== Work request ==
Answer with the exact lines of the following material from the one containing "Brasilia Lucas Paqueta" through the one containing "Elegant 70th Birthday", both end lines included.

== Supplied information ==
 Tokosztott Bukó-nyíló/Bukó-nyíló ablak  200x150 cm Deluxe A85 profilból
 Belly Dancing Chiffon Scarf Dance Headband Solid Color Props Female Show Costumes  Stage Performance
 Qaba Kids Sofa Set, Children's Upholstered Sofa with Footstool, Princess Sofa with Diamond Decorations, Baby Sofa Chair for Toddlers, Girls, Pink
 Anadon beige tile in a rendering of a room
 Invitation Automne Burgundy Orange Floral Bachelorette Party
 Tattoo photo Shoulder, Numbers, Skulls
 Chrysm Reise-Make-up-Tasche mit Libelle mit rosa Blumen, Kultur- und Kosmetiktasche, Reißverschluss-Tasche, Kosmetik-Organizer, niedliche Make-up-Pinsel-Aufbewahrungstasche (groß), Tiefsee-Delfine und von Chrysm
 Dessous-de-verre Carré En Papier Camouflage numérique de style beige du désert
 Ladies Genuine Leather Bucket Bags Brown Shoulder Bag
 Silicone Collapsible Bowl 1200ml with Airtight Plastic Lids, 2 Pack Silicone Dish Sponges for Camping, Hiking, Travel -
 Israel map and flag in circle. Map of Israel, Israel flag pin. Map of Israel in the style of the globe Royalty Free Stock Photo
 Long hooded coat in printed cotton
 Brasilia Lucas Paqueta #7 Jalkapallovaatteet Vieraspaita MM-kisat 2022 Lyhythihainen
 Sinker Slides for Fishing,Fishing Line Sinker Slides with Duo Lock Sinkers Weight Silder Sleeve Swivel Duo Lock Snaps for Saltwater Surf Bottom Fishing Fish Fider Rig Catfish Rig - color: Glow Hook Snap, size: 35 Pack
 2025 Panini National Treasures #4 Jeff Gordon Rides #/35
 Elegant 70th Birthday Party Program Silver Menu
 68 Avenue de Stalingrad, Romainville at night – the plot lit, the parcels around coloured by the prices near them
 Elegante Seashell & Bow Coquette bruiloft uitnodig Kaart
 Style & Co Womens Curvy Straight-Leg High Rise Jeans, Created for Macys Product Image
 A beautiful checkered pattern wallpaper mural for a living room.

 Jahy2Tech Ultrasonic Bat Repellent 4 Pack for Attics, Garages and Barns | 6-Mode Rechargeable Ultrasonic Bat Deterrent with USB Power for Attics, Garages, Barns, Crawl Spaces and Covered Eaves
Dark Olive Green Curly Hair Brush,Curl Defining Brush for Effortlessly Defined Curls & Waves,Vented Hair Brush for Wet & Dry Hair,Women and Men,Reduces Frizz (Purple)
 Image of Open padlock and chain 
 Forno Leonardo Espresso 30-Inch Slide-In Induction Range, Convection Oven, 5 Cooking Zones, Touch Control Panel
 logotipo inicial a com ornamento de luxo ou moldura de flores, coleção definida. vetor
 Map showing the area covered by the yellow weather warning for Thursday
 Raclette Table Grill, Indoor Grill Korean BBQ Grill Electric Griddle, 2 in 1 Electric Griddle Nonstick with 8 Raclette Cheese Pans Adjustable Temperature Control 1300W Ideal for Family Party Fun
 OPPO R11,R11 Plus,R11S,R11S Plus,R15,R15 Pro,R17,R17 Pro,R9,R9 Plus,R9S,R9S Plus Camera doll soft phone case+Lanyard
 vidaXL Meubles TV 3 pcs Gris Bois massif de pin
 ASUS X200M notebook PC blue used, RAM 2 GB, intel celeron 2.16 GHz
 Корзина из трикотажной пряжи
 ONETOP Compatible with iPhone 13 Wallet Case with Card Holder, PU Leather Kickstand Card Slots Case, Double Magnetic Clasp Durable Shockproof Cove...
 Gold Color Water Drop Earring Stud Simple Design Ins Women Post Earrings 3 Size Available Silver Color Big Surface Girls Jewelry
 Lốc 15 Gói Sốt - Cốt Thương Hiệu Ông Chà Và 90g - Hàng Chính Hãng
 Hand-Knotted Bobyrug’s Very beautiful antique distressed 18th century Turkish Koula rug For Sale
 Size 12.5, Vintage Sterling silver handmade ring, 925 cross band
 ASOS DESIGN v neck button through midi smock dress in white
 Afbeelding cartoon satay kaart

== Task solution ==
 Brasilia Lucas Paqueta #7 Jalkapallovaatteet Vieraspaita MM-kisat 2022 Lyhythihainen
 Sinker Slides for Fishing,Fishing Line Sinker Slides with Duo Lock Sinkers Weight Silder Sleeve Swivel Duo Lock Snaps for Saltwater Surf Bottom Fishing Fish Fider Rig Catfish Rig - color: Glow Hook Snap, size: 35 Pack
 2025 Panini National Treasures #4 Jeff Gordon Rides #/35
 Elegant 70th Birthday Party Program Silver Menu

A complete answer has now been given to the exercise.